Start of DATA PROVIDED
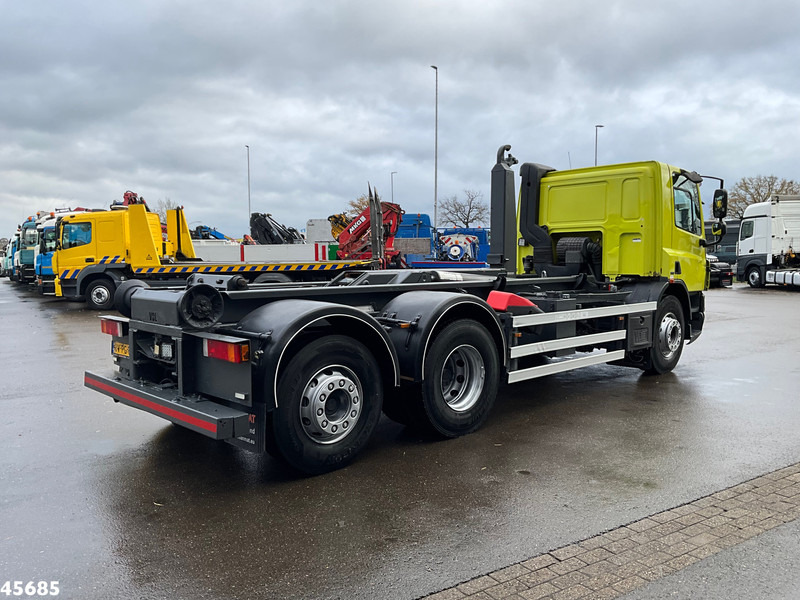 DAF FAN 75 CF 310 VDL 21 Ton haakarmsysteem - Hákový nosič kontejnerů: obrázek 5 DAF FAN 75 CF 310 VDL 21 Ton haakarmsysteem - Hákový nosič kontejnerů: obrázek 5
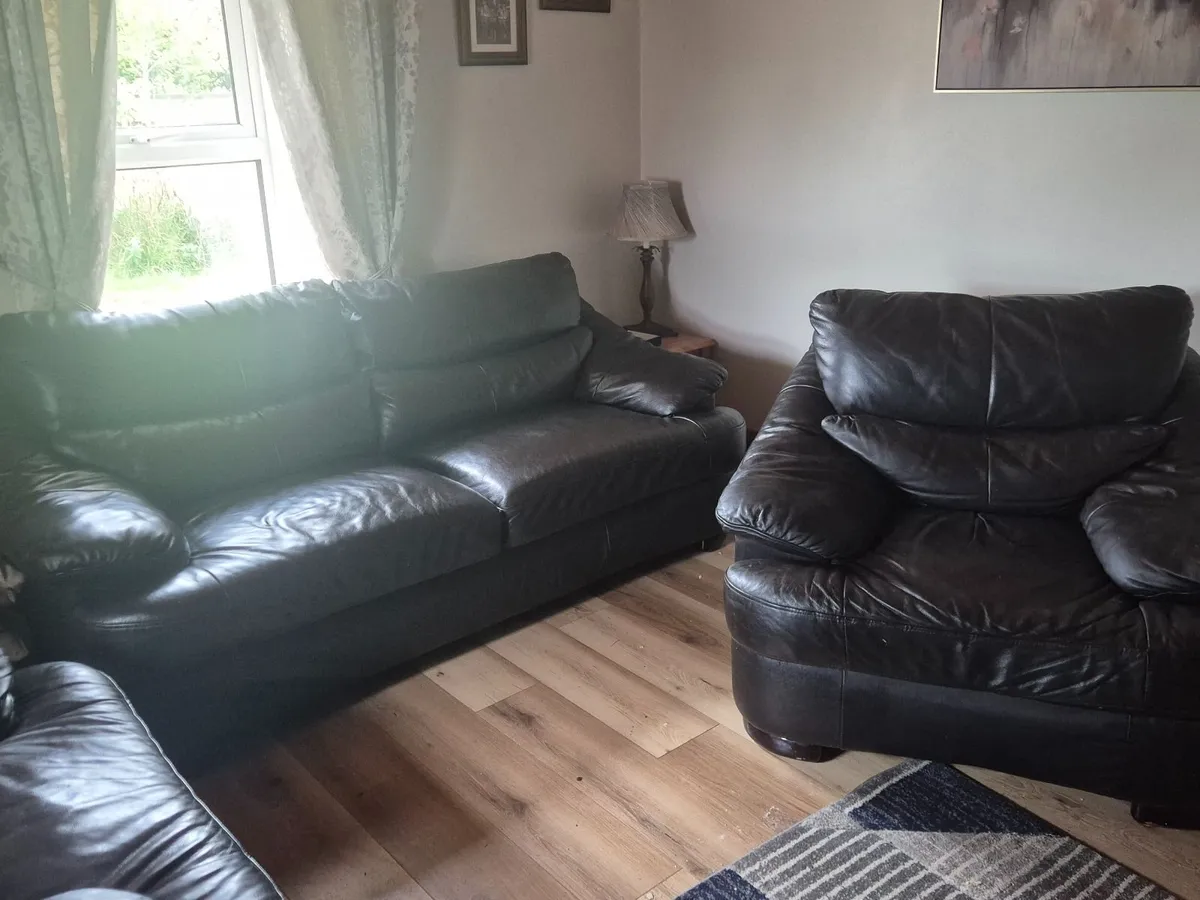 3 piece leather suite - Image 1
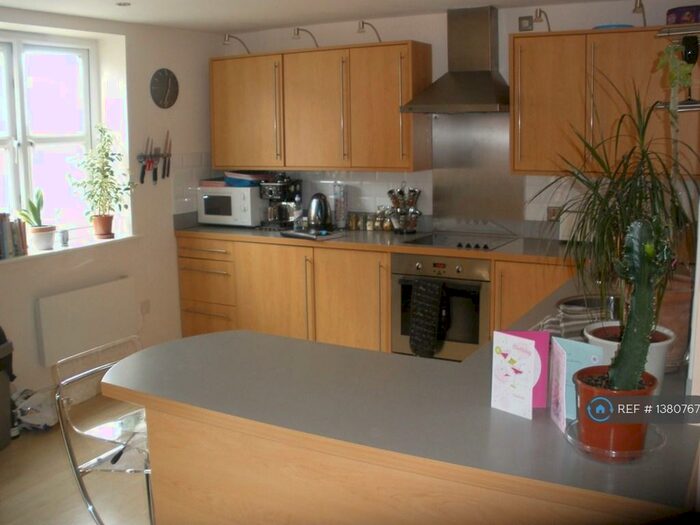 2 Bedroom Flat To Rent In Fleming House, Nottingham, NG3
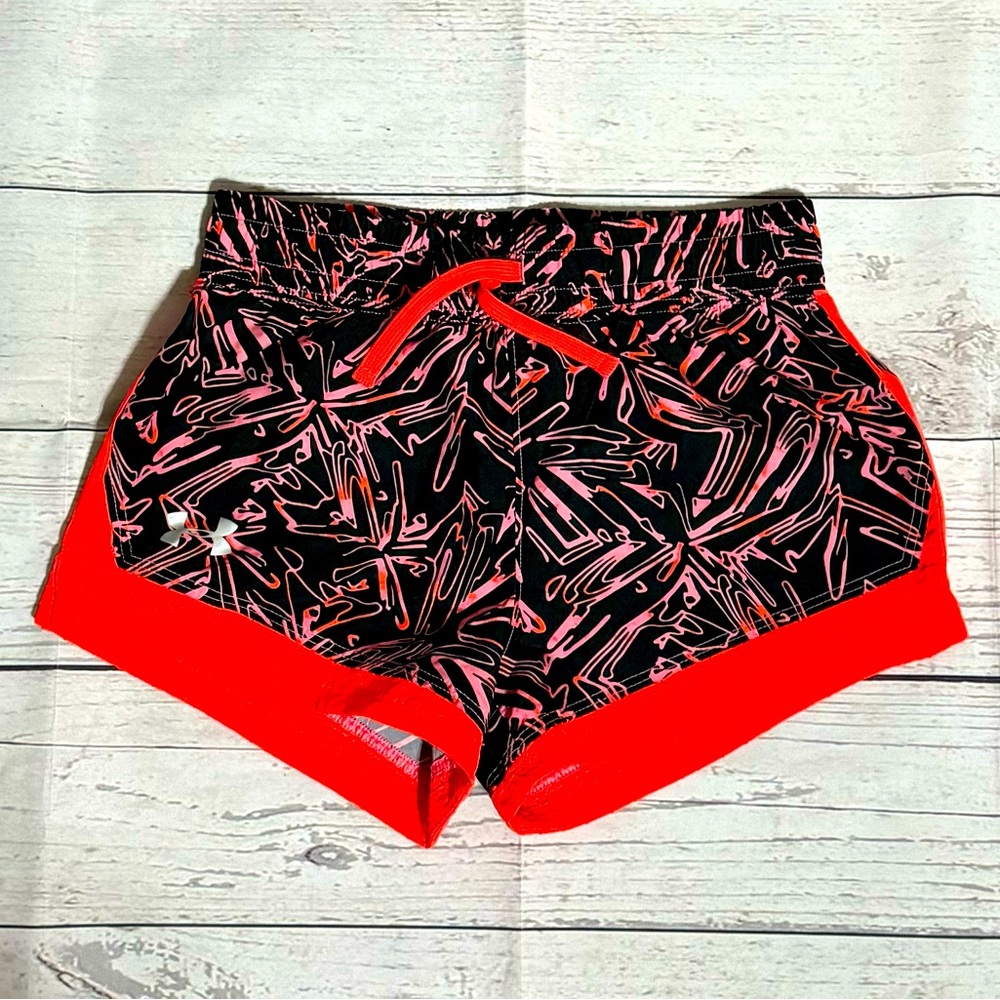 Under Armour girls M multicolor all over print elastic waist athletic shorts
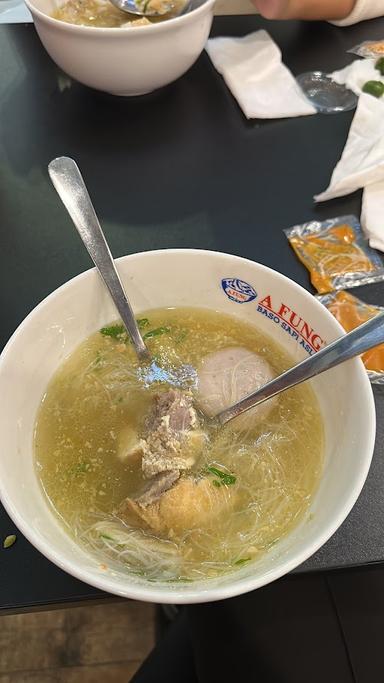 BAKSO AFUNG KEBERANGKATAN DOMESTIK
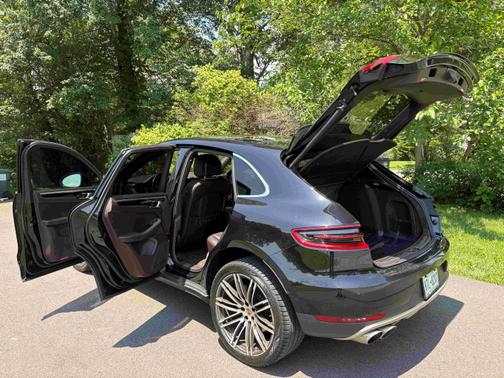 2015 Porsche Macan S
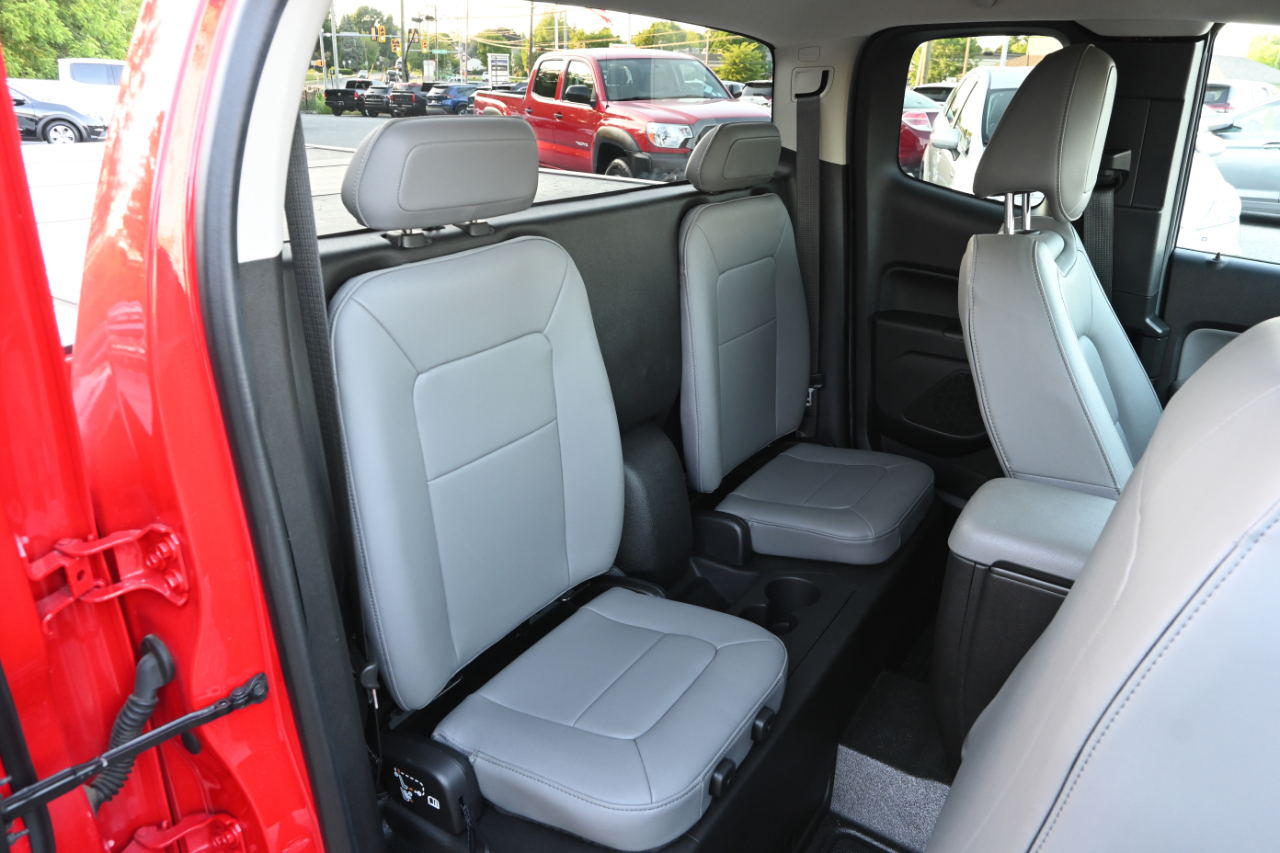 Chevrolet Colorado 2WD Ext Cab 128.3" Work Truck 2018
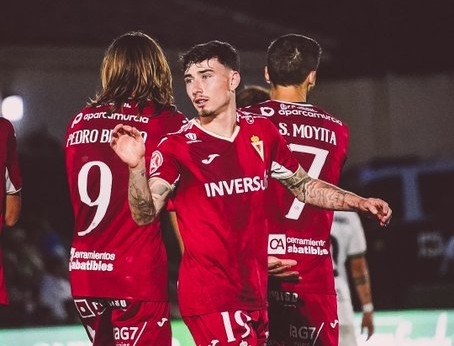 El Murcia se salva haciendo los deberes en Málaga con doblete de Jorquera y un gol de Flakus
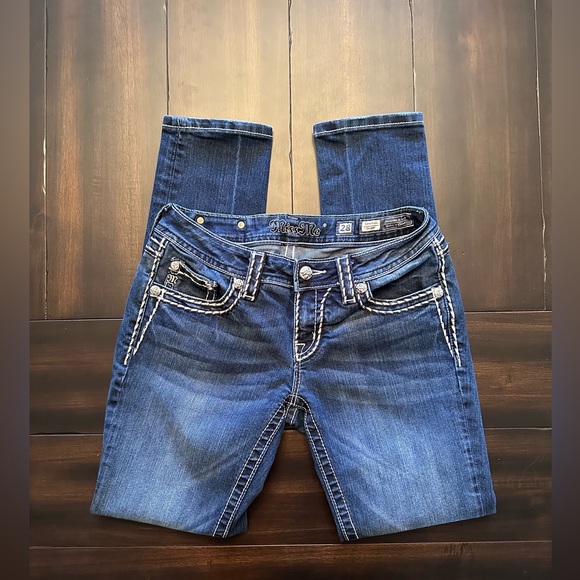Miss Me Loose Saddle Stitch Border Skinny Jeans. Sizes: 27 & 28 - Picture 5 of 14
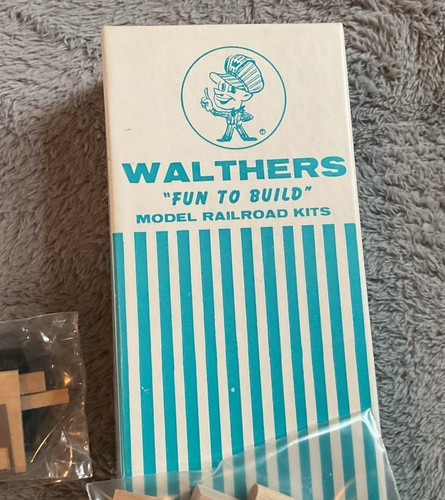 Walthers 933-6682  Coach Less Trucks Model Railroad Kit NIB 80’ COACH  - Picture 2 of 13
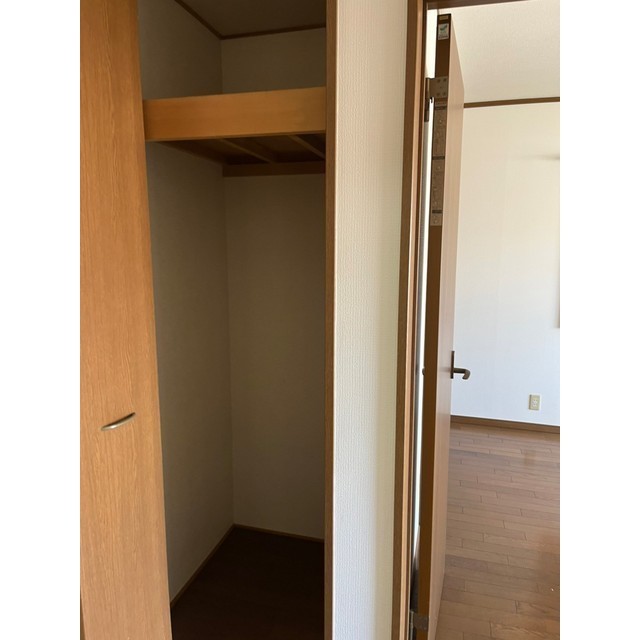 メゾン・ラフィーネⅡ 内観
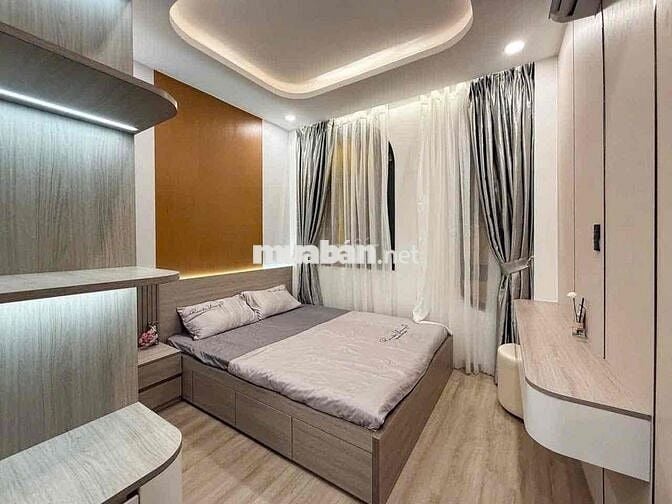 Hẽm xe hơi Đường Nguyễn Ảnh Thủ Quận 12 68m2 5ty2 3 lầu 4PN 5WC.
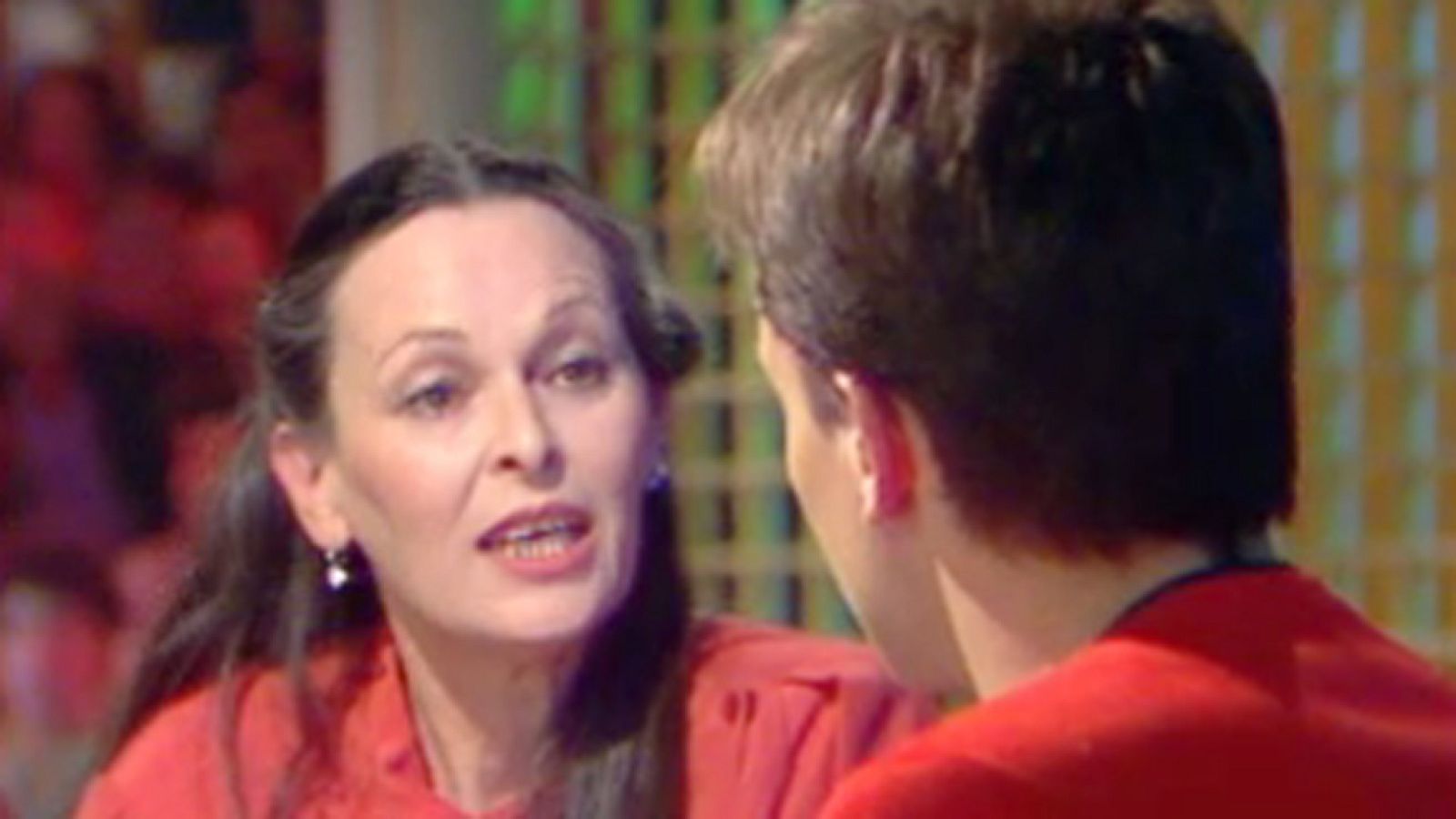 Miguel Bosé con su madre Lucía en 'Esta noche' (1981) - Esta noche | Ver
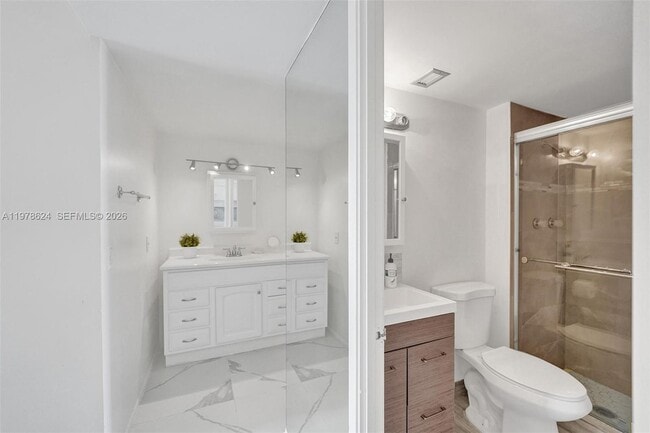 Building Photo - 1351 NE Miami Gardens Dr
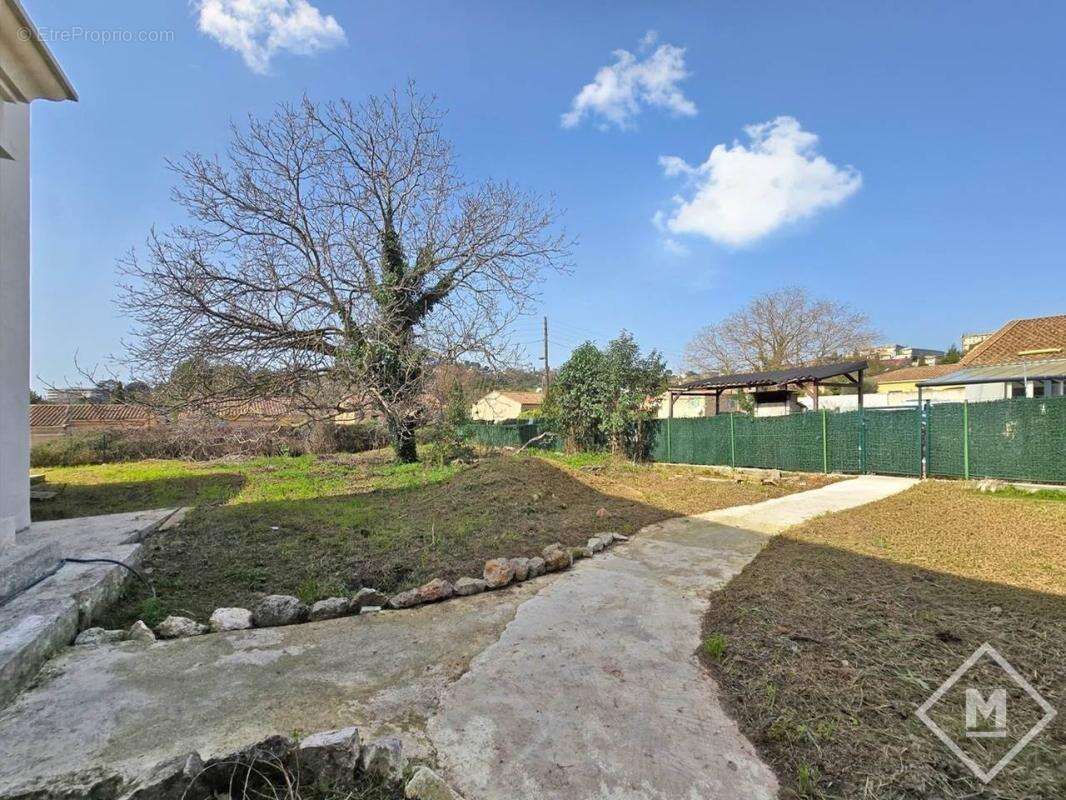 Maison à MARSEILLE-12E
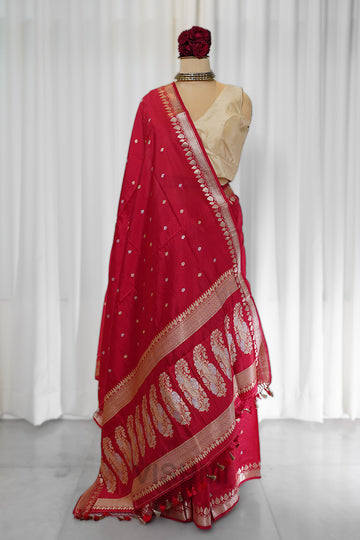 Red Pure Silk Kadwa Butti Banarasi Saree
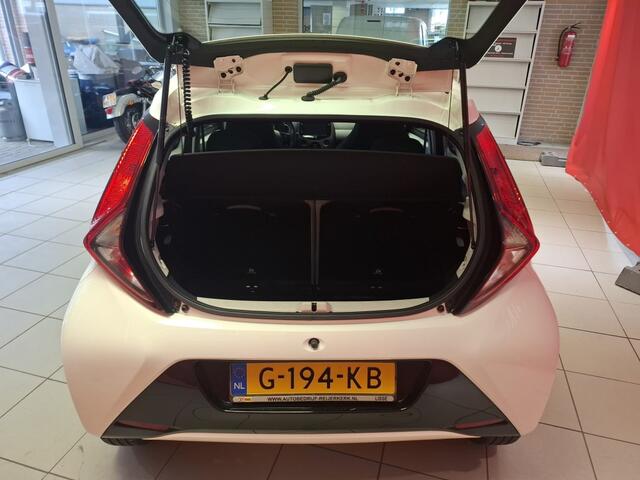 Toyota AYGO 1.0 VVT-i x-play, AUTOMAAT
End of DATA PROVIDED
TASK DESCRIPTION -
Could you repeat, exactly and with nothing else, the lines from the one containing "メゾン・ラフィーネⅡ 内観" through the last line of the records above, leaving out the pictures?

OUTPUT FOR THIS TASK -
 メゾン・ラフィーネⅡ 内観
 Hẽm xe hơi Đường Nguyễn Ảnh Thủ Quận 12 68m2 5ty2 3 lầu 4PN 5WC.
 Miguel Bosé con su madre Lucía en 'Esta noche' (1981) - Esta noche | Ver
 Building Photo - 1351 NE Miami Gardens Dr
 Maison à MARSEILLE-12E
 Red Pure Silk Kadwa Butti Banarasi Saree
 Toyota AYGO 1.0 VVT-i x-play, AUTOMAAT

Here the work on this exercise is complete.